**INFORMATION PROVIDED:**
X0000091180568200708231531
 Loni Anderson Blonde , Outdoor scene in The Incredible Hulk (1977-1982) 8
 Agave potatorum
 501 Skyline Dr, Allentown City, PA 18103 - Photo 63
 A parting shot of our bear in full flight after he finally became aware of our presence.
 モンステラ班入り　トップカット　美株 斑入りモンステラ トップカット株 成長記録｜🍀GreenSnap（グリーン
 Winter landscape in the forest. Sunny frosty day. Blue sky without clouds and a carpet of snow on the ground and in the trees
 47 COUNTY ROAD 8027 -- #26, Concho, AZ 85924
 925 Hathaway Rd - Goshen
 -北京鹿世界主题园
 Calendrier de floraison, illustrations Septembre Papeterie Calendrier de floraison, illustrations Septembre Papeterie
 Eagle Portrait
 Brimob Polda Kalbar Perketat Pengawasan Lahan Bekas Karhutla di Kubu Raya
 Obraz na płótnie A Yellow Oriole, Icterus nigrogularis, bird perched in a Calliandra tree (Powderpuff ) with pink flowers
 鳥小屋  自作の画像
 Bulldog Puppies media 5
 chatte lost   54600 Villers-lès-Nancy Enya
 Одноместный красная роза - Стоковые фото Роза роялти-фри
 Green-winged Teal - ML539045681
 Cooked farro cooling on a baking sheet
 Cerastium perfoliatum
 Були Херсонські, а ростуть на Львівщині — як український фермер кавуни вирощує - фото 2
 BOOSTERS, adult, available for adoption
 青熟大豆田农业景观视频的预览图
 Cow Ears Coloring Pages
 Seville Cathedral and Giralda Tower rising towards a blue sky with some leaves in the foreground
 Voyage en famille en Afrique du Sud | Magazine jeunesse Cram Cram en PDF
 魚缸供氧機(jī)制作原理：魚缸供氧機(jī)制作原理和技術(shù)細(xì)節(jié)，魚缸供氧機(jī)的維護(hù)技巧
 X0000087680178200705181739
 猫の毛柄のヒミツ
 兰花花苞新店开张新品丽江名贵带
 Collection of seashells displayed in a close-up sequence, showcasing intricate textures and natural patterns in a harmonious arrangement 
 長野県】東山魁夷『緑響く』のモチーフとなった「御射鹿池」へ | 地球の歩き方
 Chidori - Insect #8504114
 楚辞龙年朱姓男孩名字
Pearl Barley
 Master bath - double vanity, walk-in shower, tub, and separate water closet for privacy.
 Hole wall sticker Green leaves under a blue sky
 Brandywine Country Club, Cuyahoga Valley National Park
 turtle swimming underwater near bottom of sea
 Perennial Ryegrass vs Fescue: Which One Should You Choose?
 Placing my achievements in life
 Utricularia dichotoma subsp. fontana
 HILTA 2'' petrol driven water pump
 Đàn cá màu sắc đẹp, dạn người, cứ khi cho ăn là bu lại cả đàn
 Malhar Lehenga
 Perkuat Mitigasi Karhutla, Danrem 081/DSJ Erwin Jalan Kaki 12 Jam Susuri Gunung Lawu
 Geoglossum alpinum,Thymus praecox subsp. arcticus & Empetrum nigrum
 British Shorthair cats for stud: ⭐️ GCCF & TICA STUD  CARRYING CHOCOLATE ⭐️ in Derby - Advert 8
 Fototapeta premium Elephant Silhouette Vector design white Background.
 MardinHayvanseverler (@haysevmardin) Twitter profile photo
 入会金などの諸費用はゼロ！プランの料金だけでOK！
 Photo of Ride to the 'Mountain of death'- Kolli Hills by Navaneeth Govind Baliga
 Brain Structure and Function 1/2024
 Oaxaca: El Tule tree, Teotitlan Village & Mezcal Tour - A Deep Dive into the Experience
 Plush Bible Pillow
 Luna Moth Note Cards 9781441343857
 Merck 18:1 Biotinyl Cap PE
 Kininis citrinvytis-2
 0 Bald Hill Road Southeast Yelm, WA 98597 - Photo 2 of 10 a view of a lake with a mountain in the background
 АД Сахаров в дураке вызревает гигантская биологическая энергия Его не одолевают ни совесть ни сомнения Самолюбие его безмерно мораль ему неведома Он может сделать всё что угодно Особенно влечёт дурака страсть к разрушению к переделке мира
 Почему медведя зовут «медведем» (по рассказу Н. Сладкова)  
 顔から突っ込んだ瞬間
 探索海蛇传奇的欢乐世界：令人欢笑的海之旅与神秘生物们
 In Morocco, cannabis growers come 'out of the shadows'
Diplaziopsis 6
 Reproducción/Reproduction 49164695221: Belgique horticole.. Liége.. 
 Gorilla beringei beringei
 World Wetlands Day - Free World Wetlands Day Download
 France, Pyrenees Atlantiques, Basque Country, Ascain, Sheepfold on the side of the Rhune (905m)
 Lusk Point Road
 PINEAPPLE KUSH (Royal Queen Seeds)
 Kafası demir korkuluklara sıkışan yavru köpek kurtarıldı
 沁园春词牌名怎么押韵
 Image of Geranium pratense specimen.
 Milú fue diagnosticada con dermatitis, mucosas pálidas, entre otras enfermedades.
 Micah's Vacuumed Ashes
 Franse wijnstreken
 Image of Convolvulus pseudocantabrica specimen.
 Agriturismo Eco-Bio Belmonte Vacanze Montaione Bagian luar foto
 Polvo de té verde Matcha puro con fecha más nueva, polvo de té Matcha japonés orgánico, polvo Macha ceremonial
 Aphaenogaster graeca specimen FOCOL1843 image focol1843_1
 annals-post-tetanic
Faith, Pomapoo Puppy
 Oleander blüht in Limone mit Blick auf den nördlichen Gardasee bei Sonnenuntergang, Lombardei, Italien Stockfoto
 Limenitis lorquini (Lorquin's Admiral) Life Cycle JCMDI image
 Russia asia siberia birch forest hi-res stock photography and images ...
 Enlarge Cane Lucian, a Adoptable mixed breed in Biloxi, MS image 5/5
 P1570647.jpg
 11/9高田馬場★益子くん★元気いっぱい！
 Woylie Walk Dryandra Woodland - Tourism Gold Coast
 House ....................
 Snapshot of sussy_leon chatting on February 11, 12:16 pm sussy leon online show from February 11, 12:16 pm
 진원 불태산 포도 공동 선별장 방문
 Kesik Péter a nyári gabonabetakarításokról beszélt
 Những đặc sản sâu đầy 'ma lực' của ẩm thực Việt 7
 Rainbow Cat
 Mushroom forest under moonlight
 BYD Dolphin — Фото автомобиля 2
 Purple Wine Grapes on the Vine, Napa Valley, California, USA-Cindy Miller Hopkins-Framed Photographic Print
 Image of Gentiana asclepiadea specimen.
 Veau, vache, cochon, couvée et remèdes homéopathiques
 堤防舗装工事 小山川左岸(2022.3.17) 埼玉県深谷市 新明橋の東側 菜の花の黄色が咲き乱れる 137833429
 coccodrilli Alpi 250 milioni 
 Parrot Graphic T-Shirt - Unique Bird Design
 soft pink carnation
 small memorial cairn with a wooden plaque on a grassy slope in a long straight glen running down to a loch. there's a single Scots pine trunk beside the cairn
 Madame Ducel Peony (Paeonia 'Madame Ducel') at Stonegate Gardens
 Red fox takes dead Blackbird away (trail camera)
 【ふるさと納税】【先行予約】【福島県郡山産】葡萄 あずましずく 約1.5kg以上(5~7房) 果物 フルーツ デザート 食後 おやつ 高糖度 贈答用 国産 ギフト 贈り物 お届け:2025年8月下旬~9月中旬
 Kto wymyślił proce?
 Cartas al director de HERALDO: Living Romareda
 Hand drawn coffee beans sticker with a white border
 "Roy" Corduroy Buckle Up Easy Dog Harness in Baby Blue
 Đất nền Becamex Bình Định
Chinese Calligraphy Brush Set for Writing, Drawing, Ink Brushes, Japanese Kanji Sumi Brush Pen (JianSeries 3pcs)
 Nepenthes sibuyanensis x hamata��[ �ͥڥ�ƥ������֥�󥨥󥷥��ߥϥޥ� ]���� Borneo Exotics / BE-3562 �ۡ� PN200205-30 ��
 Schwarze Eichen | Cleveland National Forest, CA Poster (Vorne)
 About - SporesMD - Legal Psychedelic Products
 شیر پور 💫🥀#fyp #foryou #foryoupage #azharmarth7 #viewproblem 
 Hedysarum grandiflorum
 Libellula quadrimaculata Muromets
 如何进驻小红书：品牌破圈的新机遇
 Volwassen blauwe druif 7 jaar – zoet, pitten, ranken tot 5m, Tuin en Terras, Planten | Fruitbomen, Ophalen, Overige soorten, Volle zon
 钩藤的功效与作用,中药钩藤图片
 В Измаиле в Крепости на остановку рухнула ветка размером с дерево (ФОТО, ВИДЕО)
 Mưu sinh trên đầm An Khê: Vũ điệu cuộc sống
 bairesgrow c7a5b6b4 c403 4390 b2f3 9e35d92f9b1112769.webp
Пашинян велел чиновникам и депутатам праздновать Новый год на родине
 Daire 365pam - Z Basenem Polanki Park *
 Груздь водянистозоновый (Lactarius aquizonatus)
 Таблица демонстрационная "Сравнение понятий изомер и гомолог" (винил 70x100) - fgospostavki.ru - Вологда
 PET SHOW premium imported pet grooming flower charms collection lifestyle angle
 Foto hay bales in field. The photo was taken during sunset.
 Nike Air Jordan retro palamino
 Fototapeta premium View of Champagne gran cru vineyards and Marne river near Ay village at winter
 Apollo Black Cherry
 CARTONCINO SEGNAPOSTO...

**PROBLEM TO WORK ON:** Looking back over the data above, restate word for word the lines that begin at the line with "BYD Dolphin — Фото автомобиля 2" and end at the line with "如何进驻小红书：品牌破圈的新机遇", inclusive.

**RESULT FOR THIS EXERCISE:**
 BYD Dolphin — Фото автомобиля 2
 Purple Wine Grapes on the Vine, Napa Valley, California, USA-Cindy Miller Hopkins-Framed Photographic Print
 Image of Gentiana asclepiadea specimen.
 Veau, vache, cochon, couvée et remèdes homéopathiques
 堤防舗装工事 小山川左岸(2022.3.17) 埼玉県深谷市 新明橋の東側 菜の花の黄色が咲き乱れる 137833429
 coccodrilli Alpi 250 milioni 
 Parrot Graphic T-Shirt - Unique Bird Design
 soft pink carnation
 small memorial cairn with a wooden plaque on a grassy slope in a long straight glen running down to a loch. there's a single Scots pine trunk beside the cairn
 Madame Ducel Peony (Paeonia 'Madame Ducel') at Stonegate Gardens
 Red fox takes dead Blackbird away (trail camera)
 【ふるさと納税】【先行予約】【福島県郡山産】葡萄 あずましずく 約1.5kg以上(5~7房) 果物 フルーツ デザート 食後 おやつ 高糖度 贈答用 国産 ギフト 贈り物 お届け:2025年8月下旬~9月中旬
 Kto wymyślił proce?
 Cartas al director de HERALDO: Living Romareda
 Hand drawn coffee beans sticker with a white border
 "Roy" Corduroy Buckle Up Easy Dog Harness in Baby Blue
 Đất nền Becamex Bình Định
Chinese Calligraphy Brush Set for Writing, Drawing, Ink Brushes, Japanese Kanji Sumi Brush Pen (JianSeries 3pcs)
 Nepenthes sibuyanensis x hamata��[ �ͥڥ�ƥ������֥�󥨥󥷥��ߥϥޥ� ]���� Borneo Exotics / BE-3562 �ۡ� PN200205-30 ��
 Schwarze Eichen | Cleveland National Forest, CA Poster (Vorne)
 About - SporesMD - Legal Psychedelic Products
 شیر پور 💫🥀#fyp #foryou #foryoupage #azharmarth7 #viewproblem 
 Hedysarum grandiflorum
 Libellula quadrimaculata Muromets
 如何进驻小红书：品牌破圈的新机遇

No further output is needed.